Edd: "A formidable foe, Ed, I'm sure. But your smoke is nothing more than–" [Ed sends more smoke by.]
Ed: [pleading] "Hibachi Man, Double D!"
Edd: "Very well then. Prepare to meet your match, Hibachi Man!" [He pulls a stick of celery from his pack.] "You'll never charcoal the denizens of this dimension!"
[Edd and Ed chase each other around the street happily.]
Ed: "Begone, celery stalk of justice!"
[Sarah is demonstrating to Jimmy how to make snow angels.]
Jimmy: "Okay, I get it now, Sarah." [He tries to make one, but cannot budge the snow more than a few inches.] "I pulled my funny bone, Sarah. Owie!"
Ed: "Hibachi Man makes his daring escape! The Barbecue Belly Slide!"

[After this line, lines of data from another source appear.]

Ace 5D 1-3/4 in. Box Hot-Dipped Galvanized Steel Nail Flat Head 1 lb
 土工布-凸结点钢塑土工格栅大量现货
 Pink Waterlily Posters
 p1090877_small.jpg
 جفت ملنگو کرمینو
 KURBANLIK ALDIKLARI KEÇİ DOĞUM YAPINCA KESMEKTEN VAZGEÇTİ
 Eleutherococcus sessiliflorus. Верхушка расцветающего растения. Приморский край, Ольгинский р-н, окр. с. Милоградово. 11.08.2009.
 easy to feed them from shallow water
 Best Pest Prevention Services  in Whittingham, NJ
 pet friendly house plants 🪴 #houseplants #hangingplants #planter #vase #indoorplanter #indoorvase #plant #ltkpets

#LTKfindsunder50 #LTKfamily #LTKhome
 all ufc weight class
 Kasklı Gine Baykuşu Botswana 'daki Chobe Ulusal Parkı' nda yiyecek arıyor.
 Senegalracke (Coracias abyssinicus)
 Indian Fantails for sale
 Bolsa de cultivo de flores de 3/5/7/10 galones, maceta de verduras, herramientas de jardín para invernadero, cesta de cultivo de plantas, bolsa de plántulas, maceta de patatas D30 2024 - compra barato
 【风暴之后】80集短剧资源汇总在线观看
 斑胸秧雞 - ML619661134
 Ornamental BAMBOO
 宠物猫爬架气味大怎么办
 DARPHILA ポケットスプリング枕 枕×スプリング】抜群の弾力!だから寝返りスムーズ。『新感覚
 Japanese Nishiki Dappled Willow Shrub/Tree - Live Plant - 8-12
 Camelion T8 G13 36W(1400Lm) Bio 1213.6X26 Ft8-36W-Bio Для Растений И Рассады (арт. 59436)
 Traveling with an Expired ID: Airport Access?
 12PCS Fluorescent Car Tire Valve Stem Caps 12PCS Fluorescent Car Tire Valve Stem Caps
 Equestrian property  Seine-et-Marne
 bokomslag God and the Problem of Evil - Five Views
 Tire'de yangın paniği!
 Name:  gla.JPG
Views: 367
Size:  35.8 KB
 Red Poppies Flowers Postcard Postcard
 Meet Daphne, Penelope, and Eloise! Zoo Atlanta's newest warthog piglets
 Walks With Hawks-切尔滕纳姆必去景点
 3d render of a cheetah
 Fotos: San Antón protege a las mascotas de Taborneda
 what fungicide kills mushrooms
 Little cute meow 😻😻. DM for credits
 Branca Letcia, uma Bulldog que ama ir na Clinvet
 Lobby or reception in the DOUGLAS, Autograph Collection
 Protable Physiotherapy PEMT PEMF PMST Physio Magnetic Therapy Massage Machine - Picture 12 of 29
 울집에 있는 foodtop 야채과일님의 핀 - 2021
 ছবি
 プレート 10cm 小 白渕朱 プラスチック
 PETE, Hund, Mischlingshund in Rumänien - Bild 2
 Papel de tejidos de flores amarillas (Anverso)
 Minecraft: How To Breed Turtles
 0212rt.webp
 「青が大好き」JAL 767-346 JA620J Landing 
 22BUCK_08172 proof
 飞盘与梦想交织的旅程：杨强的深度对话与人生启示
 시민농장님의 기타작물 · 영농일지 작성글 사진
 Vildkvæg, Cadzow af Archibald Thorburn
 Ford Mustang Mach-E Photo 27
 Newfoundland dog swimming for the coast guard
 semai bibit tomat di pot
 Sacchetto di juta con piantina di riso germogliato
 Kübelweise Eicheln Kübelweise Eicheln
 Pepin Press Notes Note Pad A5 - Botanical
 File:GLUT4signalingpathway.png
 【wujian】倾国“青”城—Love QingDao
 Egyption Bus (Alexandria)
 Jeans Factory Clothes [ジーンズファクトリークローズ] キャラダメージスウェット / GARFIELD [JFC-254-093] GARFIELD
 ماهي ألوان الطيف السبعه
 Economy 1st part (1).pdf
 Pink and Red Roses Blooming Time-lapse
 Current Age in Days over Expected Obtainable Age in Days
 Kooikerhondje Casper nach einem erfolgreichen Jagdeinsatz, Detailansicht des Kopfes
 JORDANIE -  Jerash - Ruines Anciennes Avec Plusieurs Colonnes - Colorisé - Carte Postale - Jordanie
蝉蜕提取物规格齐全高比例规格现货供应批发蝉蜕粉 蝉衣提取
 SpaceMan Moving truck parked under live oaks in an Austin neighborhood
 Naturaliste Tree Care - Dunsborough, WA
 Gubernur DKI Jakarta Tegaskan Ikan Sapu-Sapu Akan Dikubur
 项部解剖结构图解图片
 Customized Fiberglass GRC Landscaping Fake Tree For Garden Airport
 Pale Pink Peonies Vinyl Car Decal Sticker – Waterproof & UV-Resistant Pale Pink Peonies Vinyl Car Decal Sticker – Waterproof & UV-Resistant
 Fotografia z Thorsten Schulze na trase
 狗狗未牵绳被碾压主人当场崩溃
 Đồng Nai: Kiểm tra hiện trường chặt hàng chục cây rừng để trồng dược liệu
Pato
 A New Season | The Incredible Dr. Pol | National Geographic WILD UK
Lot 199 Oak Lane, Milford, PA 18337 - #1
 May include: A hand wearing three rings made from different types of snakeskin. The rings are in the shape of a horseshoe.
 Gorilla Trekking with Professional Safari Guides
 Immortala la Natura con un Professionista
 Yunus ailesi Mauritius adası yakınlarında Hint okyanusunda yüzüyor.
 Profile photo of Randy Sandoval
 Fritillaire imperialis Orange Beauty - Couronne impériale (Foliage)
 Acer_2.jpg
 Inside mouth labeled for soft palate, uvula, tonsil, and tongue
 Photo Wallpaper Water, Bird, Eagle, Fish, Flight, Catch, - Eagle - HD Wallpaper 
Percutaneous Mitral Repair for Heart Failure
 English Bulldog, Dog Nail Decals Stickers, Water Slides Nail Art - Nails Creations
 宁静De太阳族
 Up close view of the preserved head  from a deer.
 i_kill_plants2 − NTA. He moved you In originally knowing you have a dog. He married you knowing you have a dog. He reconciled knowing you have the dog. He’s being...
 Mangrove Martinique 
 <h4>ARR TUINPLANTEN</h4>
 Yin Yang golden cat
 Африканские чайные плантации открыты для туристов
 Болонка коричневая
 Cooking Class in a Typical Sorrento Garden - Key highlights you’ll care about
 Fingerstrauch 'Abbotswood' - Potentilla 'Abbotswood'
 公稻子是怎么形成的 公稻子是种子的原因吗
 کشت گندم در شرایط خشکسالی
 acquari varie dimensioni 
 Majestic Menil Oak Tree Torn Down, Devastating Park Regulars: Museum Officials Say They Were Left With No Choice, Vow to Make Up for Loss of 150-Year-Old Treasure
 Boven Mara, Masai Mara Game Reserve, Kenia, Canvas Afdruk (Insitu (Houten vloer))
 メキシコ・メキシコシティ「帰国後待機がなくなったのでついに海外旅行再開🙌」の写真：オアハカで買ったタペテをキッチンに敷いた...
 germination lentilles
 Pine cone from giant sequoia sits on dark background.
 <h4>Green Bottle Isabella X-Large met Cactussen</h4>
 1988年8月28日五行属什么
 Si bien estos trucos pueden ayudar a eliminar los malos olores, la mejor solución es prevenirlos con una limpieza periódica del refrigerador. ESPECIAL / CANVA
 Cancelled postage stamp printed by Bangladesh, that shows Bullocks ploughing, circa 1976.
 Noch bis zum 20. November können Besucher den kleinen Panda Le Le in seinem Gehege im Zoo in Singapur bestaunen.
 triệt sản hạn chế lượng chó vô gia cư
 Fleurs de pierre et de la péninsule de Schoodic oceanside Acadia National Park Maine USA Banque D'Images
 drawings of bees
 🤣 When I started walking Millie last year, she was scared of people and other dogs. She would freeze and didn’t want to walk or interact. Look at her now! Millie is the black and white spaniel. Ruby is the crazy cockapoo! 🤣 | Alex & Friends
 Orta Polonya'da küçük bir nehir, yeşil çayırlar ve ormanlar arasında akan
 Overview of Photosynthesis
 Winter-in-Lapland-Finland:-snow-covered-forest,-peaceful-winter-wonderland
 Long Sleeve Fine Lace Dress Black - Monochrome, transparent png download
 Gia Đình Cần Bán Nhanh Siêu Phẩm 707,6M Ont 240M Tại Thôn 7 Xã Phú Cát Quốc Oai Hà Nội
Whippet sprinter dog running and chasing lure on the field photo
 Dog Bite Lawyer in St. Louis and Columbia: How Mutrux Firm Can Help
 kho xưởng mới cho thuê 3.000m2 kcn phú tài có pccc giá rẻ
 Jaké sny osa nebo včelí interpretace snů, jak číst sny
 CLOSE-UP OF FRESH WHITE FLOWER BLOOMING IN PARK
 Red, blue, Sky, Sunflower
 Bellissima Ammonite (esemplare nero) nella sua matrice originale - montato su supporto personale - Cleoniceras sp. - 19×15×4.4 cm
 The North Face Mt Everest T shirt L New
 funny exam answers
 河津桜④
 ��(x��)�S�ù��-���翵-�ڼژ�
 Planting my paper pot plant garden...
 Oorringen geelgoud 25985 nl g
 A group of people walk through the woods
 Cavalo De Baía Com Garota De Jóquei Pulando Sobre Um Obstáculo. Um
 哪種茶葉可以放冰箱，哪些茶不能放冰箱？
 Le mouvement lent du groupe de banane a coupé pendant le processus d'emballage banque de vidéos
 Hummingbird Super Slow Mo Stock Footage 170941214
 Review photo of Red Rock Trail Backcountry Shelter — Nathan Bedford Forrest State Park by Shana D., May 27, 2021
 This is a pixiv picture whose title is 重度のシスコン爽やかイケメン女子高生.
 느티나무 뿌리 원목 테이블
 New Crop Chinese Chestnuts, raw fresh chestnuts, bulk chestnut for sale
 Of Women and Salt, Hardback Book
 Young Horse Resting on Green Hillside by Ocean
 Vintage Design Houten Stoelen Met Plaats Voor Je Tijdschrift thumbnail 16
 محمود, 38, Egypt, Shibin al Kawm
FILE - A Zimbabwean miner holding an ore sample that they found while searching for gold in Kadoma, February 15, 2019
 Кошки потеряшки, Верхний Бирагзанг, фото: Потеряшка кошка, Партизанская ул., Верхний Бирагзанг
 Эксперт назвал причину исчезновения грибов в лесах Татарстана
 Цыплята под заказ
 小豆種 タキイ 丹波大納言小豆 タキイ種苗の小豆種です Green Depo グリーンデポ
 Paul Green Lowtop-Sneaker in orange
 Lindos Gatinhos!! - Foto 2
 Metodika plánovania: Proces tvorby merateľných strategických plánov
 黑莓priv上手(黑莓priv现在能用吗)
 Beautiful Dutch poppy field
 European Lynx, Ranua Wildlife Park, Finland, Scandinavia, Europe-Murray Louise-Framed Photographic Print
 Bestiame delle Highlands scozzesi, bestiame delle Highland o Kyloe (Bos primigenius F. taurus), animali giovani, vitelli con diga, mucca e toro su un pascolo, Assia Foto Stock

[Ed slides on his belly, rushing down the sidewalk at Jimmy and Sarah.]
Sarah: "Ed! You idiot!"
[Ed plows into Jimmy and Sarah. They ride on his back through two fences. The second knocks Ed off balance, and they tumble apart as they come to a cliff. They fall as Edd watches, horrified, and Eddy watches gleefully. Sarah lands on the top of a streetlight. Ed ends up caught in the middle of it. Jimmy lands on a lump of snow which is revealed to be a fire hydrant. The hydrant explodes water skyward and the water freezes instantly, trapping Jimmy inside.]
Sarah: [grabbing Ed] "You lunkhead! Look what you did to Jimmy!"
Eddy: [laughing] "You're a laugh and a half, Ed!" [Edd gets a ladder.]
Edd: "Goodness! You really should exercise more caution, Ed."
Ed: "That'll make my thighs burn, Double D." [Sarah throws him down and jumps on him.]
Edd: [defrosting Jimmy] "If only someone could address the true reality of wintertime hazards. We would all be much more–"
Eddy: [annoyed] "Not that again! Nobody wanted to hear about it last year, or the one before that! And no one wants to hear about your stupid safety club idea this year." [He leaves with Ed.]
Jimmy: "Safety club?" [Edd stops the hair dryer.] "No more winter owies?"
[Eddy gets hit with a snowball thrown by an off-screen Ed. He scoops up a big pile of snow.]
Eddy: "Better make a will, Ed!"
Edd: [helping Jimmy down the ladder] "I believe that if a few thoughtful safety guidelines were set into play, winter would be a much safer time of year for all."
Jimmy: "Tell me more, Double D!"
[The bell rings and Eddy runs out of the school, carrying two lunch trays. He runs towards a shed marked "Safety Club." On the way, he dumps the food and begins calling to Edd.]
Eddy: "Check it out, Double D! Nothing says wintertime fun like scoring a couple of lunch trays from the caf and sledding down a hill, huh?"
Ed: "Lunch trays are the transportation of tomorrow, Double D!"
Eddy: "C'mon! What're we waiting for?" [Edd takes his tray.]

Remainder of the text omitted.